On TV, she took on the role of Margaret Tudor in the Starz historical drama The Spanish Princess (2019), playing the sister of Henry VIII and bringing a fiery mix of vulnerability and royal steel to the part.
These choices show how Georgie Henley has tried to avoid being boxed in. Rather than chasing only big fantasy franchises, she has gravitated toward stories about young women under pressure, navigating loyalty, trauma, and power.
A Love of Theatre and New Writing
The stage has become an important home for Georgie Henley. She starred in The Girl Who Fell, a play at London’s Trafalgar Studios about grief, social media, and how we talk about suicide.
More recently, she has appeared in The Ministry of Lesbian Affairs at the Kiln Theatre, a show about queer community, choir rehearsals, and the messy, joyful politics of belonging.
While interviewing about this work, she has spoken about the thrill of sharing queer stories and the responsibility of doing justice to characters whose experiences echo her own and those of people she loves.
Theatre gives Georgie Henley a chance to be close to her audience again, something fans of Narnia may feel when they see her live on stage.
Georgie Henley: The Writer and Director
Yes, you read it right, acting is not her only creative outlet. In 2015, Georgie Henley wrote and directed a short film called TIDE, which follows a young lesbian couple over one night.
It is a small, intimate story, but it hints at her interest in queer love, identity, and the tension between safety and risk.
In 2022, she added “published poet” to her CV with Amphibian, a pamphlet of poems that explore themes of transformation, bodies, and memory. It is a long way from the snowy forests of Narnia, but it fits with the way Georgie Henley has grown: less blockbuster spectacle, more interior life.

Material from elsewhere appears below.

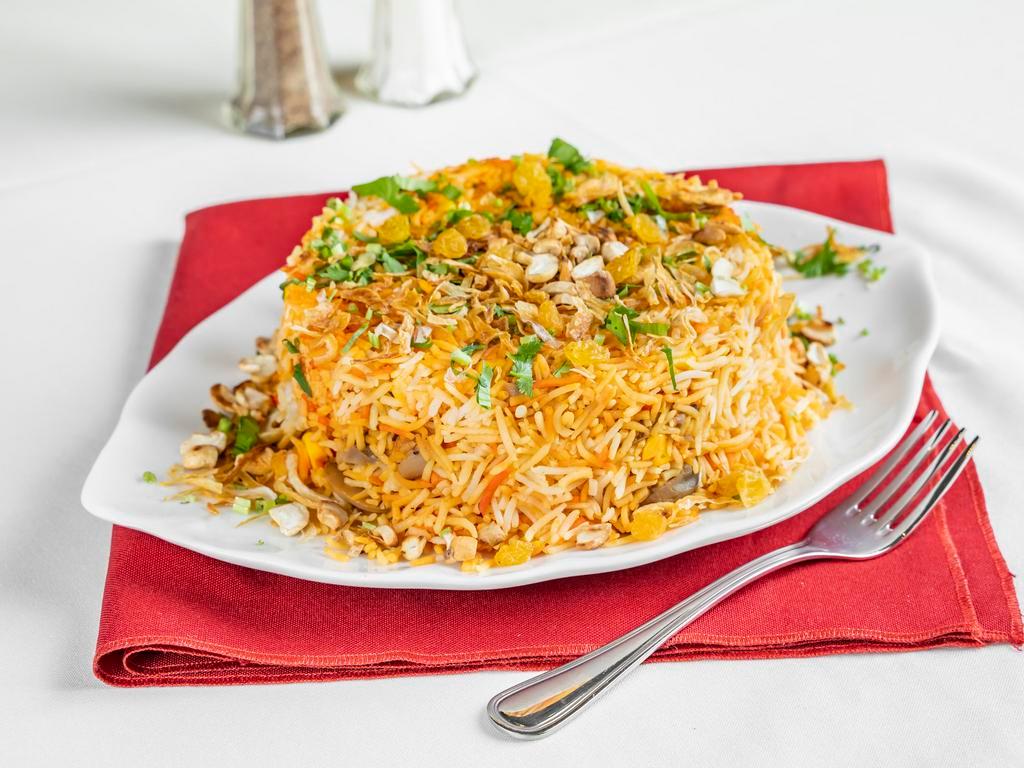 Vegetable Biryani · Long grain basmati rice cooked with fresh vegetables and safron sprinkled with raisins and nuts.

Surviving A Flesh-Eating Infection—And Choosing Visibility
One of the most powerful chapters yet the hardest one in her story is surviving her illness. As a teenager, Georgie Henley developed necrotizing fasciitis, a rare and very serious bacterial infection sometimes called a “flesh-eating disease.” She nearly lost her arm and spent months in the hospital, undergoing multiple surgeries and skin grafts.
For almost a decade, she kept this trauma private, hiding the scars on her arm in public and on camera. In 2022, she revealed the full story in a long Instagram post, explaining why she had finally decided to stop concealing the injury and embrace it instead. News outlets around the world talked about her honesty and resilience.
Her openness around disability, body image, and survival has added a new layer to how people see Georgie Henley—not only as a former child star, but as a woman who has come close to death and chosen to live more truthfully.
Life Online And Speaking Up
Presently, Georgie Henley uses social media carefully yet meaningfully. Hundreds of thousands of followers are following her on Instagram. She mixes selfies and behind-the-scenes shots with posts about books, theatre, queer joy, and political causes she supports.
She is also clear that she does not have to share her whole life on the internet. Meanwhile, some “competitor” articles focus on cashing on click-friendly facts like her height, net worth, or dating history. Her own posts show someone trying to set healthier boundaries.
Why does Georgie Henley’s story still matter?
She is still the girl who found a magical world at the back of a wardrobe, but she is also a survivor of a terrifying illness, a queer storyteller, a poet, and a theatre actor who takes risks on new writing. She has moved from fantasy princess to someone interested in messy modern realities such as mental health, online life, sexuality, and the stories we carry in our bodies.
For anyone who grew up with Narnia, following Georgie Henley’s journey is a reminder that child stars do not have to crash and burn. They can go to university, change direction, try smaller roles, write their own work, and come back to the spotlight on their own terms. And that, in its own quiet way, is a kind of magic too.